Search code examples
pythonlogistic-regressionstatsmodels

Computer freezing whenever I use fitted model summary


I'm doing a logistic regression for a school project. After I train the data and try to perform the fitted model summary, specifically

fitted_model = linear_regression.fit()

just runs and runs and runs, to the point that the browser freezes. I've let it run for twentyish minutes. The data isn't that large in my opinion as it's only 10,000 rows of data(again, I'm a student, so please correct me if I'm wrong). That said, I used getdummies on many columns and currently have 18,000 columns.
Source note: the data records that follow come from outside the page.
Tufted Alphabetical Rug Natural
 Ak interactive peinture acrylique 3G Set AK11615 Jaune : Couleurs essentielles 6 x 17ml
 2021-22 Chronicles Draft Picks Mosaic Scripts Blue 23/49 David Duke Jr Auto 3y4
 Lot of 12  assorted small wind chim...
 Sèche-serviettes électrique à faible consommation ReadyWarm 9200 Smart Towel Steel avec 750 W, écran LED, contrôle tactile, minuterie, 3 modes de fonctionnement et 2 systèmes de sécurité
However, I saw this thread and if I'm reading it correctly, it should run ok still (How many features can scikit-learn handle?) ] Any advice before I just start from scratch?

Below is more of the code, just in case it's helpful.

from sklearn.linear_model import LogisticRegression

logreg=LogisticRegression()
logreg.fit(X_train, y_train)

y_hat_train=logreg.predict(X_train)
y_hat_test = logreg.predict(X_test)

from sklearn.metrics import classification_report
print(classification_report(y_test,y_hat_test))

import statsmodels.api as sm
import statsmodels.formula.api as smf
Xc = sm.add_constant(X_train)
linear_regression = sm.OLS(y_train,Xc)
fitted_model = linear_regression.fit()
fitted_model.summary()

Solution

  • Try to reduce the number of samples you have and see if the code you have still runs, and how much time does it take. Putting this before your code snippet should work:

    n_train = 100
    n_test = 10
    X_train = X_train[:n_train]
    y_train = y_train[:n_train]
    X_test = X_test[:n_test]
    y_test = y_test[:n_test]
    

    As a side note, it sounds like you just have too much data. >20 minutes for 10000 data points can be reasonable depending on the number of features per data point. If you have 1 feature per data point, then you have 10000 numbers only, which isn't a lot; but if you have 1000 features per point, then you have 10000*1000 data points - which is a whole other story.